Taking Kehua Biotechnology as an example, the loss of control of the company's subsidiary was caused by the substantial increase in the performance of the acquired subsidiary and the parent company's refusal to pay the high remaining investment price.

  It is understood that the acquisition of Tianlong Company's equity by Kehua Biotechnology is divided into two stages. In the first stage, after obtaining 62% of Tianlong Company's equity at a consideration of 554 million yuan, in the second stage, the two parties agreed to deal with the remaining 38% of the shares in 2021. , the acquisition price is based on 1.2 billion yuan or 30 times the target net profit after deduction in 2020; it can also be acquired at 900 million yuan or 25 times the target net profit after deduction in 2020, and finally complete the acquisition of 100% equity of Tianlong Company. Overall acquisition.

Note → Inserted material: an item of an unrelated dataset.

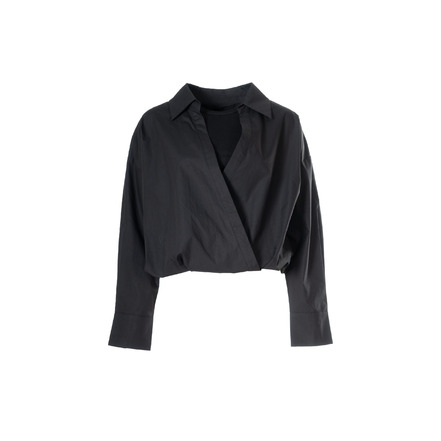 Suncoo blouse zwart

However, Tianlong's main product is anti-epidemic materials, and its performance in 2020 has exploded, resulting in the price of the remaining 38% stake exceeding 10 billion yuan.

  There are also cases where the original shareholders used various means to refuse to cooperate with the audit work because the performance did not meet the standards, resulting in the loss of control of the subsidiary.

It is understood that a listed company previously acquired a 55% stake in another company with 390 million yuan in cash, but its performance changed after the acquisition. In 2017 and 2018, the acquiree did not fulfill its performance commitment. According to the performance gambling agreement, The original shareholders should pay a total of more than 200 million yuan in cash compensation to the listed company.

But in the end, because the acquiree (ie the subsidiary) refused to cooperate with the audit work of the listed company, it was in a state of "out of control".

  An industry insider told the "Securities Daily" reporter, "Most of the out-of-control subsidiaries are born due to mergers and acquisitions. The common practice of listed companies is 'high premium mergers and acquisitions + performance betting', closing deals at high premiums, and locking in risks with performance betting And tie down the core team of the acquisition target. Under such a system arrangement, the listed company must and must only fully delegate power to the core team of the acquisition target, which has paved the way for the loss of control of the subsidiary.”

  Kuang Yuqing, founder of Lens Company Research, said frankly in an interview with a reporter from Securities Daily: "Because in the process of mergers and acquisitions, listed companies cannot make comprehensive changes to the management team of their subsidiaries, and many businesses rely on the original management team. When there are disputes over issues such as performance betting, there will be common situations such as subsidiaries not cooperating with audit investigations and the implementation of company management strategies.”

 A major "minefield" in the annual report disclosure season

  上市公司因“子公司失控”苦不堪言。如科华生物称,如果失去对天隆公司的控制合并,会对公司合并财务报表业绩带来重大影响;另外一家上市公司发布公告表示,已对全资子公司失去控制,预计将减少上市公司2021年度净利润约17.67亿元。又如,长江健康因对子公司失去控制,决定自2020年1月起,不再将华信制药纳入合并报表范围,长江健康将华信制药出表,并计提商誉减值6.64亿元。

  “子公司失控”是年报披露季的一大“雷区”。子公司失去控制后,上市公司因此而卷入业绩变脸、遭遇监管关注、甚至涉嫌信息披露违法违规被立案调查等尴尬境遇的不在少数。

  “子公司失控对上市公司的影响,具体要看其在上市公司业务或资产版图中的重要性,若是核心业务,影响较为严重;若只是边缘业务的话,影响可能不太大。”况玉清表示,整体上看,无论是不是核心业务,若子公司不配合审计导致审计缺失,上市公司的合并财务报表将不完整。

  郭耀森认为,上市公司要避免子公司失控的隐患,核心还是要从财务、印鉴、资金管理和生产经营决策方面加强对子公司的控制,比如在资金管理方面,子公司需制定大额资金使用、融资及担保事项的审批制度和报告制度,由上市公司委派管理人员或上市公司控制的董事会履行决策程序。

  “建议上市公司在并购或设立子公司的时候做好顶层规划,并通过法律文件落实股东和经营者的责任。” 锦华基金总经理秦若涵向《证券日报》记者表示,上市公司需要在并购前做好事前调研,提前“避雷”。